[Opening Records to process section]

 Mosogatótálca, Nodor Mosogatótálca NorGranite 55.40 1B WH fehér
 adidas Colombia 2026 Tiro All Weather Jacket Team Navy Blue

[Closing Records to process section]
[Opening Records to process section]

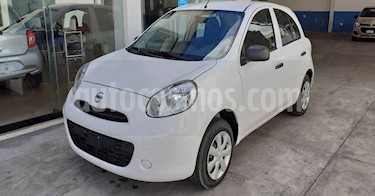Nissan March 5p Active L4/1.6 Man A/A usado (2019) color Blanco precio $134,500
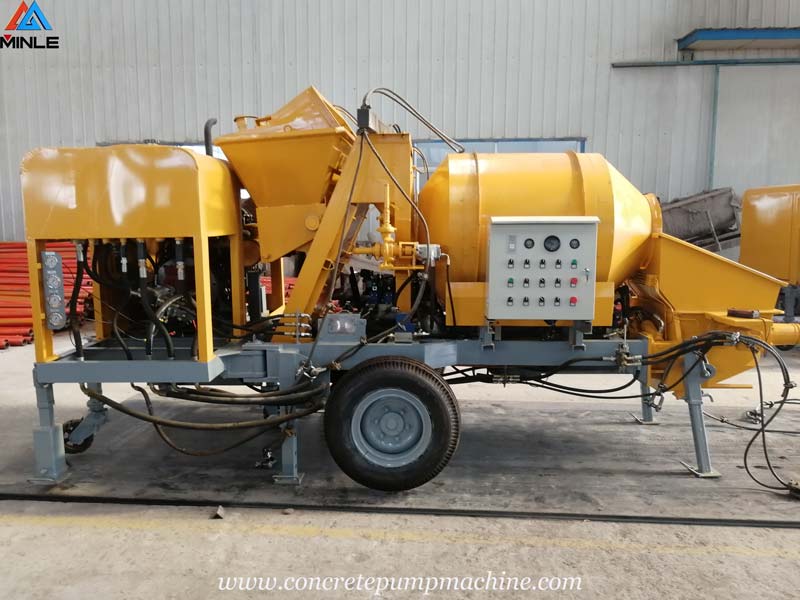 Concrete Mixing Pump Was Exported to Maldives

[Closing Records to process section]

What you are asked to do
Go to the line in the material above that contains "Mosogatótálca, Nodor Mosogatótálca" and copy exactly from there through the line that contains "adidas Colombia 2026", stopping after it.

Finished task
 Mosogatótálca, Nodor Mosogatótálca NorGranite 55.40 1B WH fehér
 adidas Colombia 2026 Tiro All Weather Jacket Team Navy Blue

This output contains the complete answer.